◆ **Required work**: Output the line that contains "Dit is mn mannetje Viggo" together with each line after it, through the final line of the listing below, word for word; omit pictures.

◆ **Data shown**:

▬▬▬▬▬▬

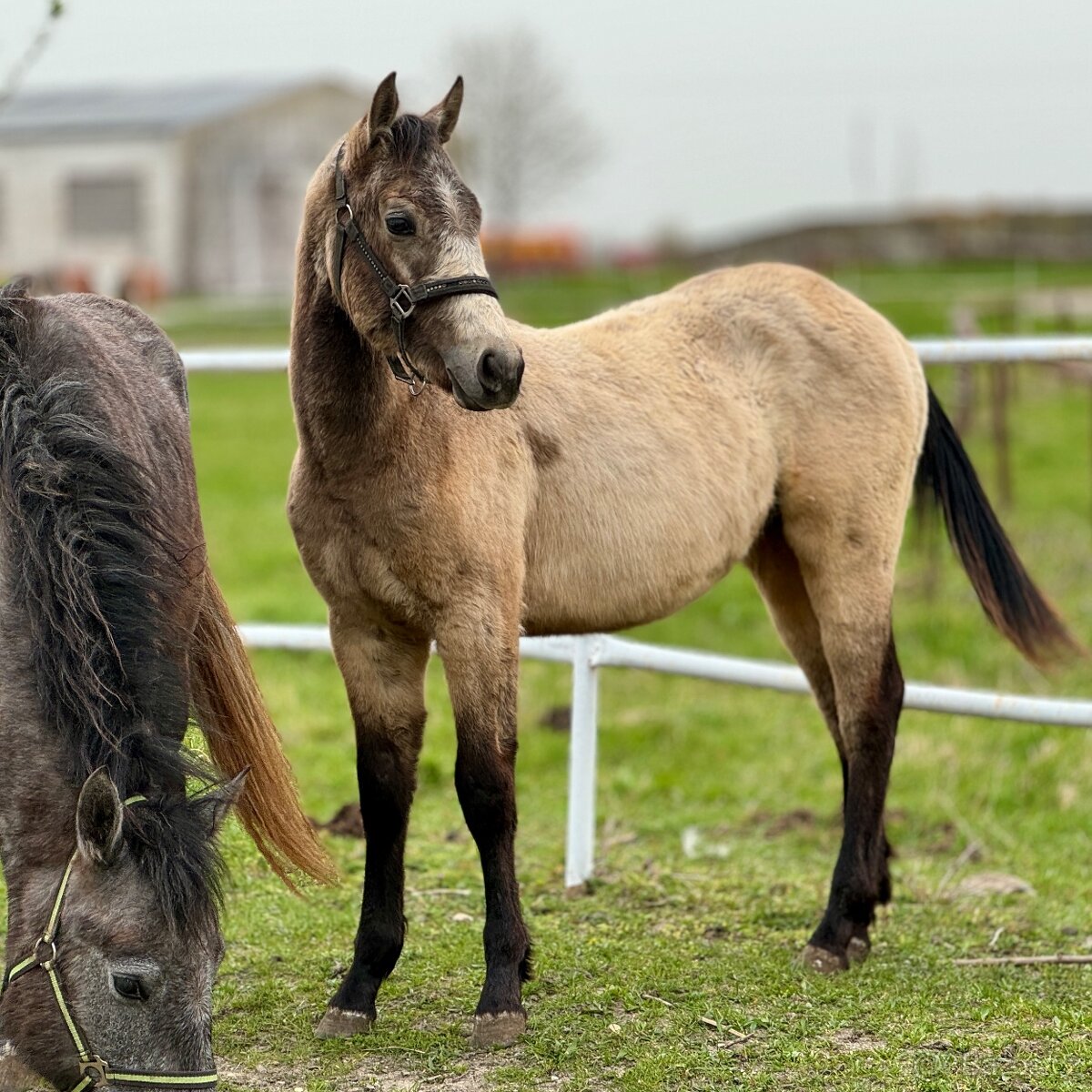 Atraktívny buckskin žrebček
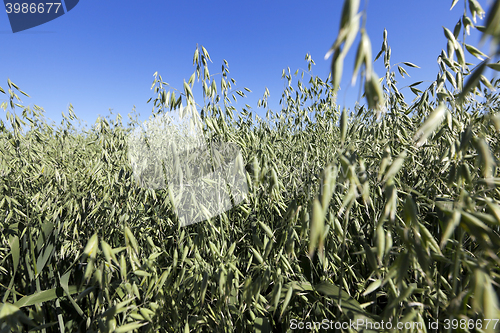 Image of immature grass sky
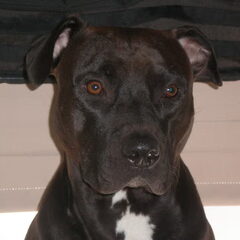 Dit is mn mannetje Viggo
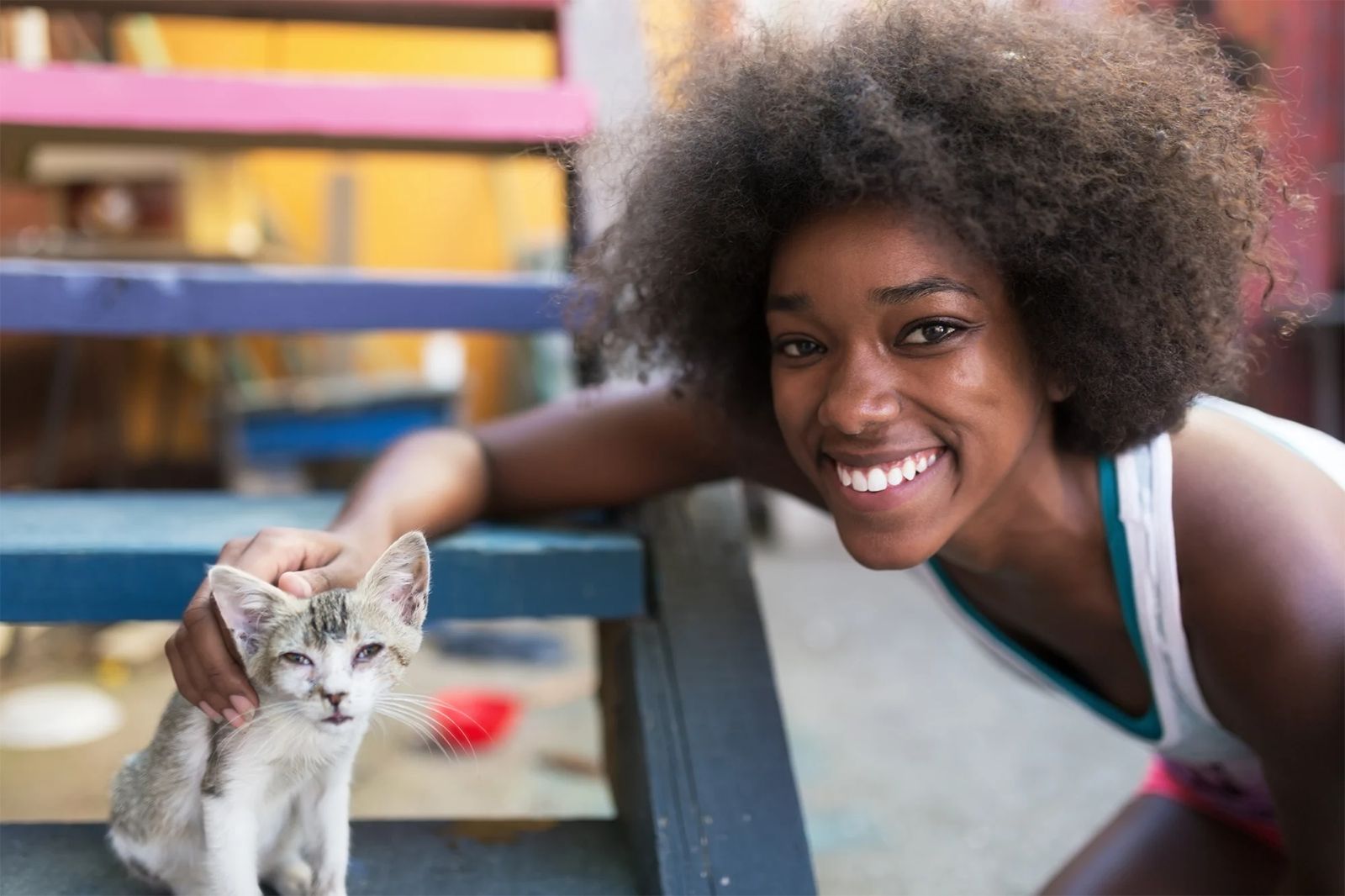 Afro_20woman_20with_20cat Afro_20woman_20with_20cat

▬▬▬▬▬▬

◆ **Answer space**:
 Dit is mn mannetje Viggo
 Afro_20woman_20with_20cat Afro_20woman_20with_20cat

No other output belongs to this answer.